Las Vegas è riconosciuta a livello internazionale come capitale mondiale del gioco d'azzardo e dell'intrattenimento, ma quello che non tutti sanno è che attorno alla metà del secolo scorso divenne anche il principale punto di riferimento per il cosiddetto "turismo atomico". La città infatti promuoveva come attrazione turistica i test nucleari che il governo effettuava a poche decine di chilometri di distanza, nel deserto del Nevada, invitando i clienti ad ammirare le esplosioni da terrazze panoramiche e balconi di hotel e casinò.
Ma per quale motivo decisero di puntare su questa insolita tipologia di turismo? Per capirlo dobbiamo fare un piccolo salto indietro nel tempo.
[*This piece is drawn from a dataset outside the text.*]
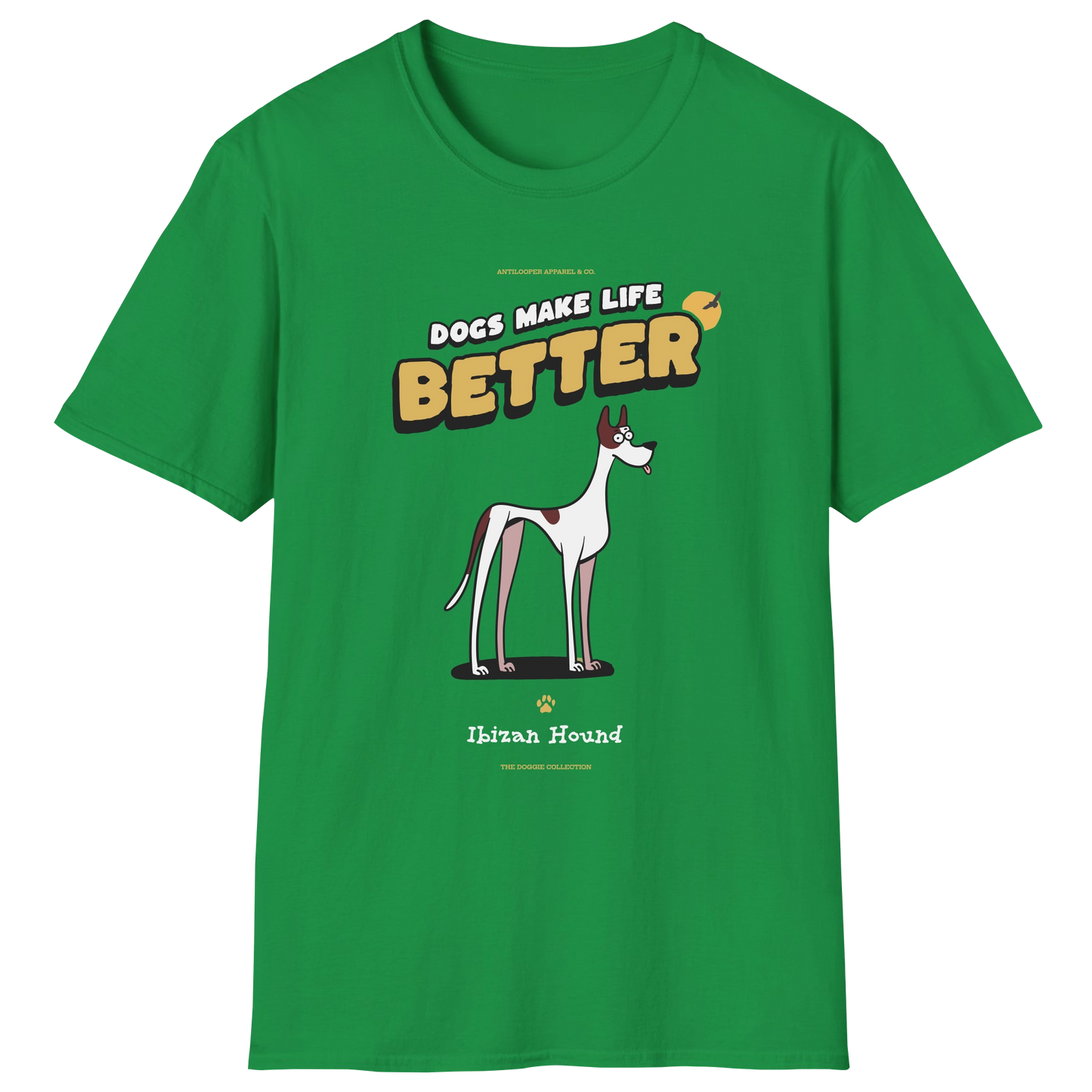 flatlay-doggie-ibizan_hound-t_shirt-irish_green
Il piano espansionistico di Las Vegas
A cavallo tra gli anni '30 e '40 del Novecento la città di Las Vegas volle imporsi con la forza come principale meta turistica non solo del Nevada, ma di tutti gli Stati Uniti. Per questo motivo vennero realizzati nuovi casinò e gli spettacoli iniziarono a coinvolgere personalità sempre più rilevanti.
Negli anni '50, però, le cose cambiarono: le autorità locali vennero avvisate che, a circa un centinaio di km dal confine cittadino, nel deserto del Nevada, l'esercito americano avrebbe effettuato test di armi atomiche.
Per molti questa sarebbe stata una notizia devastante, demolendo un progetto imprenditoriale ormai ben avviato. Chi mai avrebbe voluto visitare una città così vicina a ripetuti test atomici?
Beh, i membri della Camera di Commercio di Las Vegas furono abbastanza astuti (o forse folli?) da ribaltare la questione a loro favore. La bomba non fu infatti annunciata come una minaccia, ma sponsorizzata come un'attrazione unica e irripetibile, che solo i turisti di Las Vegas avrebbero potuto ammirare in tutto il suo splendore.
I test atomici come attrazione turistica
Il 27 gennaio 1951 venne condotto il primo test e la città sfruttò l'occasione per sponsorizzare l'evento, pubblicizzandolo come una delle tante attrazioni proposte dalla città del peccato.
Fu proprio così che, per i test successivi, iniziarono ad arrivare i primi turisti, tanto da spingere la città a realizzare mano a mano calendari relativi ai test in programma, specificando per ognuno quale fosse il migliore spot per ammirare l'esplosione. Hotel e casinò iniziarono anche ad organizzare i cosiddetti "Dawn Bomb Party", durante i quali gli ospiti potevano assistere ai test su terrazze panoramiche, sorseggiando cocktail a tema atomico – come l'Atomic, il più popolare, la cui ricetta era a base di vodka, brandy, sherry e champagne.

Per i più audaci vennero organizzati anche dei veri e propri pranzi al sacco che permettevano di mangiare un boccone mentre si ammirava la detonazione dell'arma, posizionandosi alla distanza minima prevista dalla legge. Non è esagerato dire che quella delle esplosioni atomiche fu una vera e propria mania: in quel periodo in città non era raro trovare in negozi di souvenir cartoline e gadget a tema atomico.
Dal punto di vista economico tutto ciò si rivelò essere estremamente redditizio, oltre al fatto che l'esercito, per realizzare questi test, versò nelle casse del Nevada almeno 176 milioni di dollari di fondi federali – due terzi dei quali finiti poi nelle casse di Las Vegas.
La fine del turismo atomico
Nei successivi 12 anni vennero svolti circa un centinaio di test e, per chi se lo stesse chiedendo, gli scienziati all'epoca dichiararono che la città si trovava a una distanza tale da non essere direttamente interessata dalla ricaduta di materiale radioattivo – oltre al fatto che i test venivano effettuati solamente in giornate con condizioni meteo ideali.
Tuttavia le cose cambiarono drasticamente nel 1963, quando la Limited Test Ban impose il divieto di effettuare test di questo tipo in superficie, mettendo ufficialmente fine al turismo atomico della città.